(Given data begins)
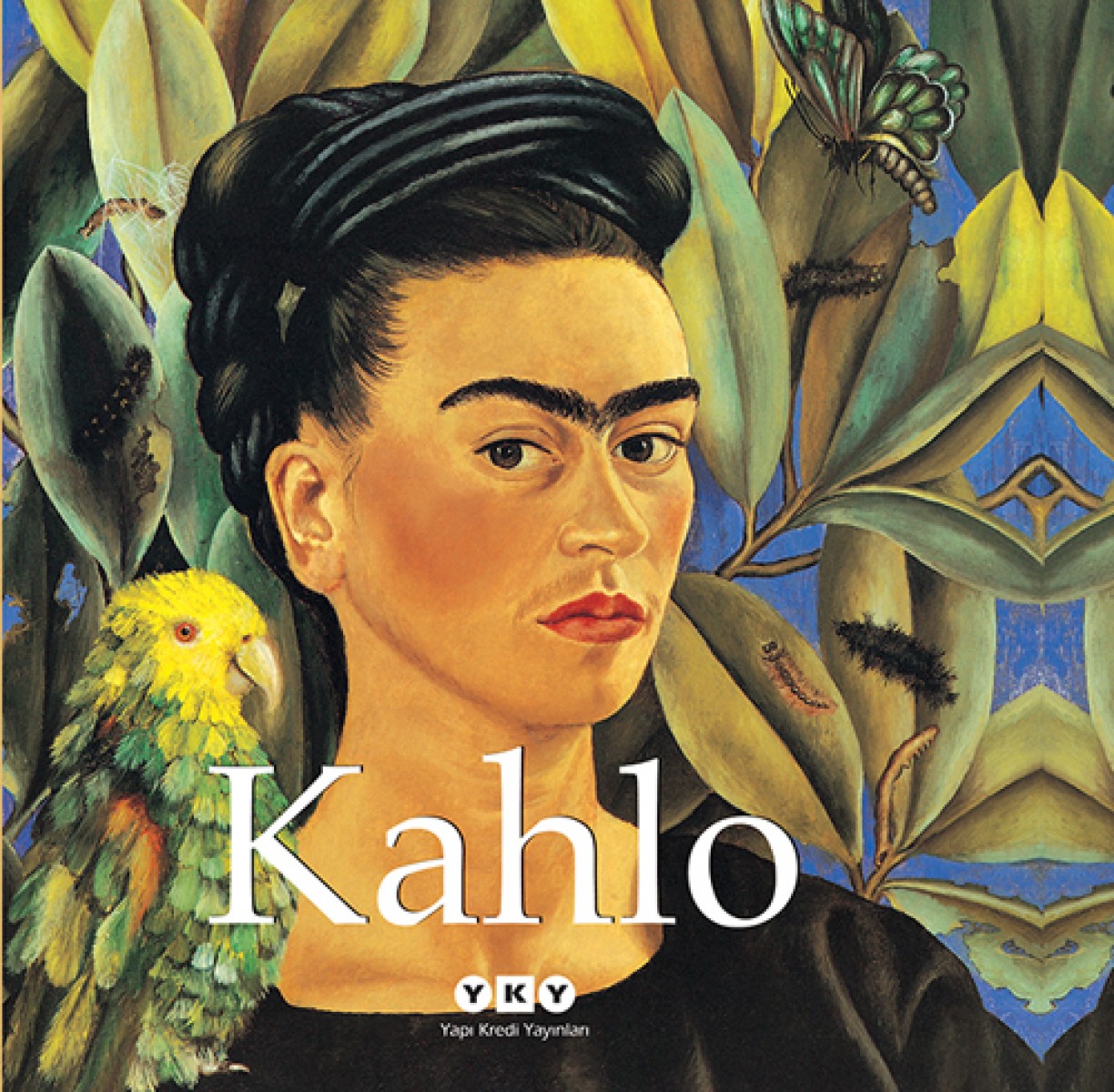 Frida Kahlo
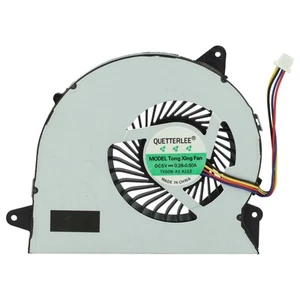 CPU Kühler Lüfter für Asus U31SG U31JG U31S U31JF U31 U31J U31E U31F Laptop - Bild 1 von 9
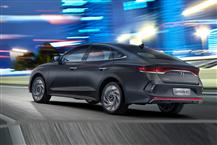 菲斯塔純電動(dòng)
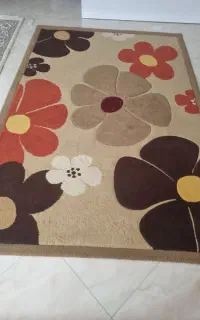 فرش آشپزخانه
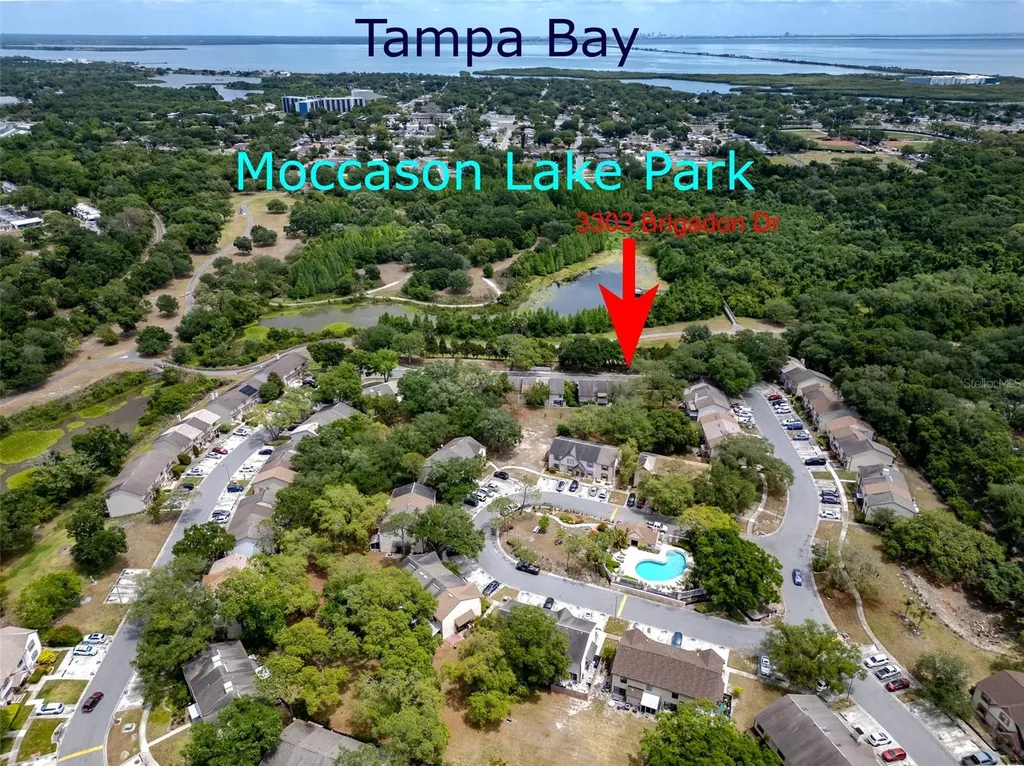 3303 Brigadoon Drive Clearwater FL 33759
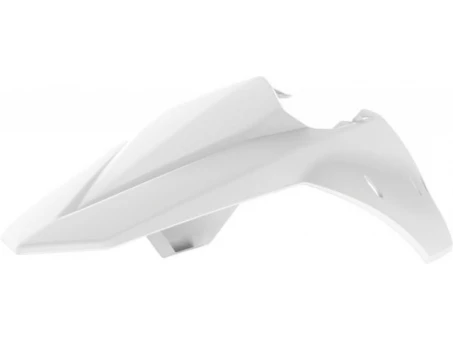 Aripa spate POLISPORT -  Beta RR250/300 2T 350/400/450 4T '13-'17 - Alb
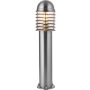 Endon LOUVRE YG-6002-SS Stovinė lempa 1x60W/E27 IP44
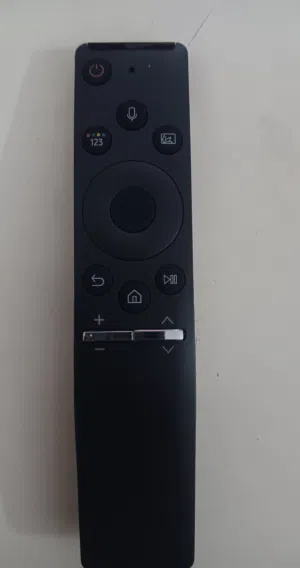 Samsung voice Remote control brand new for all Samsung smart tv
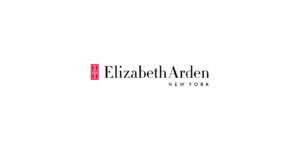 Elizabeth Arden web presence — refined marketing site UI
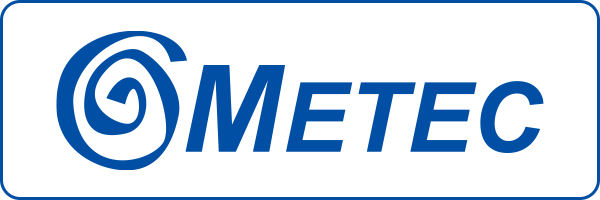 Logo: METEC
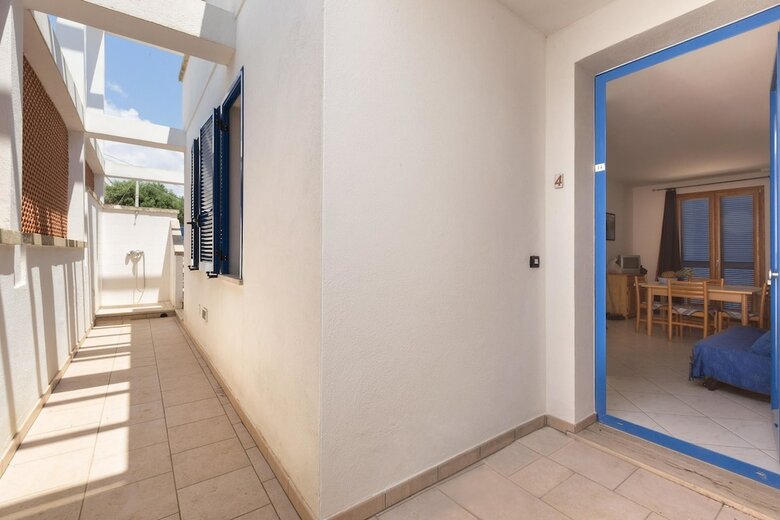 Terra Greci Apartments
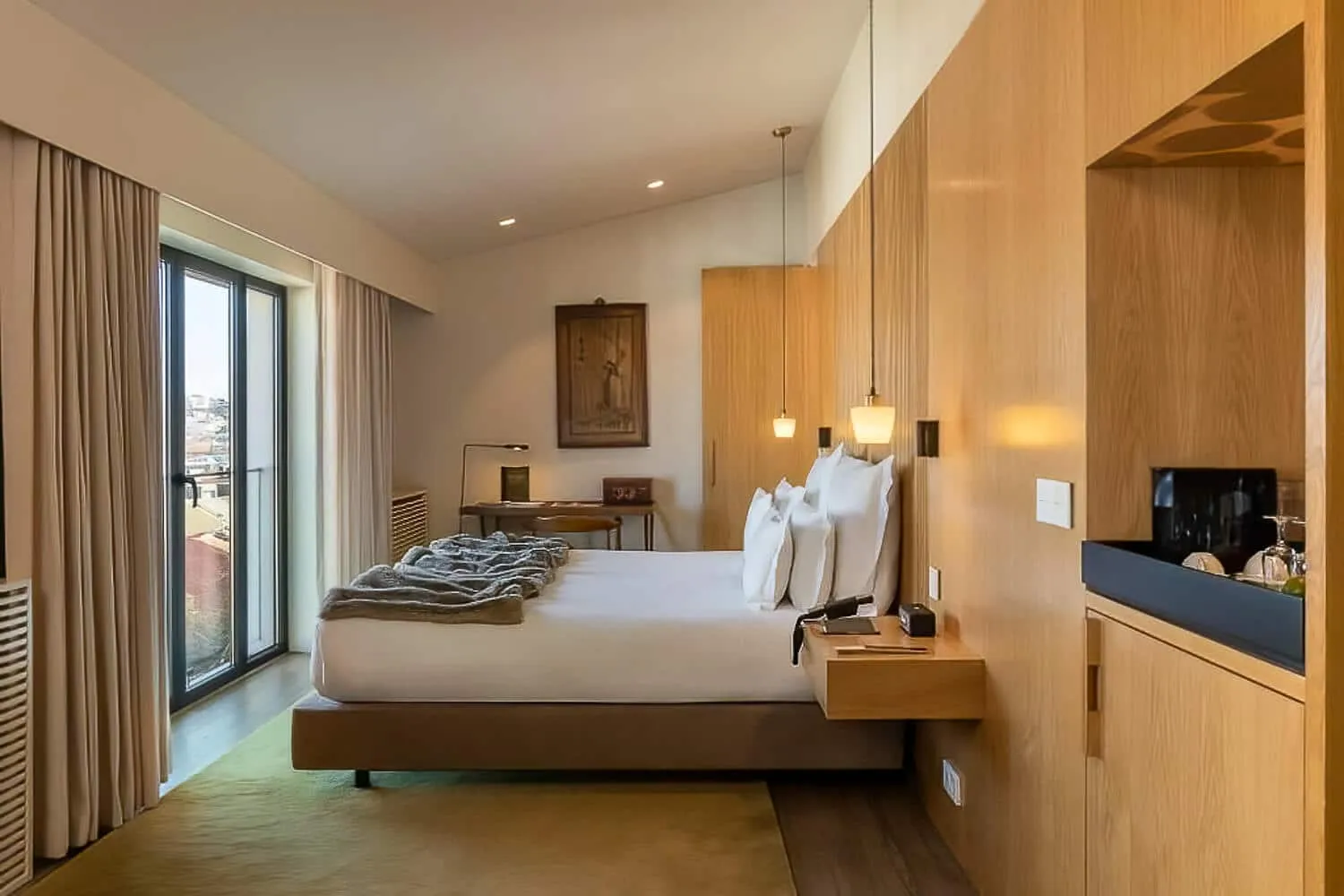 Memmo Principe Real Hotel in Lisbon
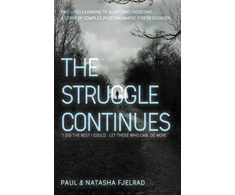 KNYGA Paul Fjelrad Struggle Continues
(Given data ends)
- What to do:
Keep the pictures out and print all the records exactly as they are.

- Exercise solution:
 Frida Kahlo
 CPU Kühler Lüfter für Asus U31SG U31JG U31S U31JF U31 U31J U31E U31F Laptop - Bild 1 von 9
 菲斯塔純電動(dòng)
 فرش آشپزخانه
 3303 Brigadoon Drive Clearwater FL 33759
 Aripa spate POLISPORT -  Beta RR250/300 2T 350/400/450 4T '13-'17 - Alb
 Endon LOUVRE YG-6002-SS Stovinė lempa 1x60W/E27 IP44
 Samsung voice Remote control brand new for all Samsung smart tv
 Elizabeth Arden web presence — refined marketing site UI
 Logo: METEC
 Terra Greci Apartments
 Memmo Principe Real Hotel in Lisbon
 KNYGA Paul Fjelrad Struggle Continues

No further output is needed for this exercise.